Considering the dynamics of an institution like the Maritime Academy of Nigeria, Oron, there is need for government to develop a strategic policy on maritime education and training where the peculiar and unique roles of strategic arms are clearly spelt out. On this note, it is advised that the legislative arm of government enacts laws to enable  immense assistance to a premier institution like MAN, Oron, established 40 years ago. With such clear-cut duties, the government will be able to squarely address and give practical and prompt attention to critical technical and professional needs in the sector. This, again, should be done in close collaboration with the Federal Ministry of Transportation and other relevant agencies.

There can be no arguments that technology has changed the landscape and complexion of every human endeavor under the sun.

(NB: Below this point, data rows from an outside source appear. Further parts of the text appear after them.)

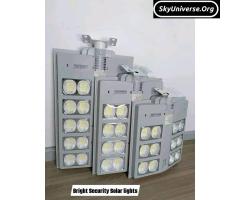 Solar security light 2000watt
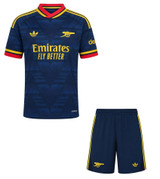 26/27 Arsenal Away Kids Kit with free name and number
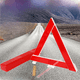thumbnail image 2 of Señal de advertencia reflectante para trípode de coche Trípode para coche Trípode para coche Señal de peligro y avería plegable para aparcamiento, 2 of 3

Today, there is the option of remaining in the stone-age or joining the ever innovative train of contemporary realities made possible by science and technology. Those still remaining in their past for whatever reasons, therefore, should have themselves to blame. But that appears to be the experience at MAN in the moment. It implies that, in order to reposition maritime education and training in Nigeria for proper transfer of knowledge, technology remains a sinequanon, highly indispensable in the interpretation of the dreams of becoming a global competitor. A functional technology is largely driven by adequate and constant electricity. Modern equipment like simulators and other engineering apparatuses become useless in the absence of functional power.

As a professional institution with an eye in the global market, the Academy must be upbeat with what is needed to compete effectively. It is, therefore so sad that, as we are talking, MAN, Oron does not have a training ship. The Academy is also in dire need of more simulators to cater for the rising number of Cadets and students, GMDSS, Engine and Radar Arpa Simulators. Also in need are Survival Training Pool for students of short courses, functional e-library for research, etc. The absence or inadequacy of these facilities can be the bane of incompetence and complex among graduates of the Academy when they step into the world market.

In view of these inadequacies, there is the instructive need to remind ourselves of the mandate of the Academy when it was established in 1977, under Decree No. 16 of 1988, as Nigeria’s premier maritime institution: “To provide the merchant Navy and the maritime industry and allied industries qualitative education and training that accords with up-to-date technology, meets national and international standards, and satisfies end-user expectations.” Forty years later, the Academy does not seem to have fully realized its objectives. The delay in doing so has been traced to a number of factors highlighted in this piece.